Purinergic Neurotransmission Focus On Adenosine

It has been known for quite some time that ATP is capable of exerting profound effects on the nervous system (Drury and Szent-Gysrgyi 1929). However, adenosine and adenosine nucleotides have gained acceptance as neuroactive substances in the CNS only relatively recently (Cooper et al. 2001). Adenosine is released from neurons and glia, but many of the neurotransmitter criteria outlined in the beginning of this chapter are not met. Nonetheless, adenosine is able to activate many cellular functions that are able to produce changes in neuronal and behavioral states. For example, adenosine is able to stimulate cAMP in vitro in brain slices, and caffeine (which in addition to being a phosphodiesterase inhibitor is a well-known adenosine receptor antagonist) is able to block this response.

Four adenosine receptors have been cloned (A1, A2A, A2B, and A3), each of which exhibits unique tissue distribution, ligand binding affinity (nanomolar range), and signal transduction mechanisms (Cooper et al. 2001). Currently available data suggest that the high-affinity adenosine receptors (A1 and A2A) may be activated under normal physiological conditions, whereas in pathological states such as hypoxia and inflammation (in which high adenosine concentrations [micromolar range] are present), low-affinity A2B and A3 receptors are also activated. A2B receptors are expressed in low levels in the brain but are ubiquitous in the rest of the body, whereas A2A receptors are found in high concentrations in areas of the brain that receive dopaminergic projections (i.e., striatum, nucleus accumbens, and olfactory tubercle) (Nestler et al. 2001). Given this receptor's distribution and the inverse relationship between DA and adenosine, it has been postulated that A2A antagonists may have some utility in the treatment of Parkinson's disease (Nestler et al. 2001).

The mood stabilizer and antiepileptic drug carbamazepine acts as an antagonist of the A1 subtype and also decreases protein levels of the receptor (for a review, see Gould et al. 2002).

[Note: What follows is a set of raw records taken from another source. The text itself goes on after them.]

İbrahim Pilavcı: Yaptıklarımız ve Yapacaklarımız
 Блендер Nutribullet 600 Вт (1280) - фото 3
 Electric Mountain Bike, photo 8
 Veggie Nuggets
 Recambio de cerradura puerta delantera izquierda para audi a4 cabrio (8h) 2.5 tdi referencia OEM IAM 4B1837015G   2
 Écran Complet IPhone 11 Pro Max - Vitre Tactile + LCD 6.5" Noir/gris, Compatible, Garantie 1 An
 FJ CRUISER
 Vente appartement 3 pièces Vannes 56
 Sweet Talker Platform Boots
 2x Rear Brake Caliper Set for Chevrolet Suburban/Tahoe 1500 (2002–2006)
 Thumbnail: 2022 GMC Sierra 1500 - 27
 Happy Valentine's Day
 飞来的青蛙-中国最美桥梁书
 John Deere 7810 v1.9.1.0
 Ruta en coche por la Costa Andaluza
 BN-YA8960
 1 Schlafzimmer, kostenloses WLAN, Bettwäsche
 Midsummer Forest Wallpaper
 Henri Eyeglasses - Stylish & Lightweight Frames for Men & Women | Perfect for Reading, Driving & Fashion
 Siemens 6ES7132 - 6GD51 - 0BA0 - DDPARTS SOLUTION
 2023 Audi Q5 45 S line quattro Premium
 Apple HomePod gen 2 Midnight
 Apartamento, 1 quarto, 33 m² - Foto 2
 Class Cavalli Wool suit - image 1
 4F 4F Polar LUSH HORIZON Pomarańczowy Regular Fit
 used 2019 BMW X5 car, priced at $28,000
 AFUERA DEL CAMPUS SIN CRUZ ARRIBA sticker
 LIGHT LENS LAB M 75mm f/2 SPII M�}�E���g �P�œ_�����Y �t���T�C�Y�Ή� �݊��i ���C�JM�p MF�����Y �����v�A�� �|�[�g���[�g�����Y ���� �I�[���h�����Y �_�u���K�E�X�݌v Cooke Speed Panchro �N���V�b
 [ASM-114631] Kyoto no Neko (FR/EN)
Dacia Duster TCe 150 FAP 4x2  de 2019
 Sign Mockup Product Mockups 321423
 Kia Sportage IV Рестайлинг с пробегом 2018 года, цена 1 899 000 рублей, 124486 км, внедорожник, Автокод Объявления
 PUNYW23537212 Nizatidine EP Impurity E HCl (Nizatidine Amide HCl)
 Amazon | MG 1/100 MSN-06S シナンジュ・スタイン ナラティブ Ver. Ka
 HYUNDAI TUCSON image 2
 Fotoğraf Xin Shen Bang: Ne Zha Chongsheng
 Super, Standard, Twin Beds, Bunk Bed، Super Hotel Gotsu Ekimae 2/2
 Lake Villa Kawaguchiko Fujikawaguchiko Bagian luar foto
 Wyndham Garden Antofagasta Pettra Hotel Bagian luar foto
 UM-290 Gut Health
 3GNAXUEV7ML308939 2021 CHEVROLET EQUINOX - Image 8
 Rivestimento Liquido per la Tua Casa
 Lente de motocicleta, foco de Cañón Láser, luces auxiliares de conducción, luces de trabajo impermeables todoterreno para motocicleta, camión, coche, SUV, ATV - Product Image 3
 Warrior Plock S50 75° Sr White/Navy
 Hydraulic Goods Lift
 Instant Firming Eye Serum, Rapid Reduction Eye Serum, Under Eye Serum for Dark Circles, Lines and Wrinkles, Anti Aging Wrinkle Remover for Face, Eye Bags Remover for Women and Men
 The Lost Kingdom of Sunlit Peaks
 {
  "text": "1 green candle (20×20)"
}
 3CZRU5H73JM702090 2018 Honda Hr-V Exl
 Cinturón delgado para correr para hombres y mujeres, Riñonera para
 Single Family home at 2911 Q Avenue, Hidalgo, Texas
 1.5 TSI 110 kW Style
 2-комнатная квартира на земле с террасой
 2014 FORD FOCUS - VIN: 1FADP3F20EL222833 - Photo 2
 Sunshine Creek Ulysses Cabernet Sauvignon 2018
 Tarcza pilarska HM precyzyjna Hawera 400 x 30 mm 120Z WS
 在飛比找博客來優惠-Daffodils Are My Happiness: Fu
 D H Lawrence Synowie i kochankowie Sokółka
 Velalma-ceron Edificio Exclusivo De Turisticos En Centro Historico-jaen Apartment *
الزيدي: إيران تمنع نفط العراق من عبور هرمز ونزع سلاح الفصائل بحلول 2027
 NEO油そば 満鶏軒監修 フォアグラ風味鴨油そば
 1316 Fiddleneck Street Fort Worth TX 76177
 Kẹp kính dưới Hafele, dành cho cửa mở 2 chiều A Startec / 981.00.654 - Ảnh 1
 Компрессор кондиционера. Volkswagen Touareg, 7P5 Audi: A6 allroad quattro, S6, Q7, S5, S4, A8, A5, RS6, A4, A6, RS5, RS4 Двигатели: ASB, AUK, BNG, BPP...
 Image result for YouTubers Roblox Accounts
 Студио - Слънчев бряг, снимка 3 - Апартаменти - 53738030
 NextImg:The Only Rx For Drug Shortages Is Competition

Adenosine is widely regarded as important in the homeostasis of blood flow and metabolic demands in peripheral tissue physiology. Adenosine is also able to alter the function (both pre- and postsynaptically) of numerous neurotransmitters and their receptors, including NMDA, metabotropic glutamate receptors, ionotropic nicotinic receptors, NE, 5-HT, DA, GABA, and various peptidergic receptors. Recent evidence implicates adenosine as a fatigue factor in the decrease of cholinergic activity-arousal via presynaptic inhibition of glutamate release (Brambilla et al. 2005). In addition, P2X (ligand-gated ion channels) and P2Y (G protein-coupled receptors) are purine receptors that can be activated by ATP. It has been demonstrated that ATP is released from astrocytes (through an unknown mechanism) and that the release is accompanied by glutamate release (Ca2+-dependent) (Innocenti et al. 2000). However, more data suggest that it may be adenosine (that is derived from ATP) that serves as the true ligand for these purinergic receptors (Fields and Stevens-Graham 2002). The ATP/adenosine is then able to activate purine receptors (P2Y receptors) on neighboring astrocytes, and this stimulates Ca2+ influx and subsequent release of glutamate and ATP to then impact other astrocytes and neurons. This may be a critical component in the communication process between glial cells, as well as representing a signaling molecule from glia to neurons (Fields and Stevens-Graham 2002).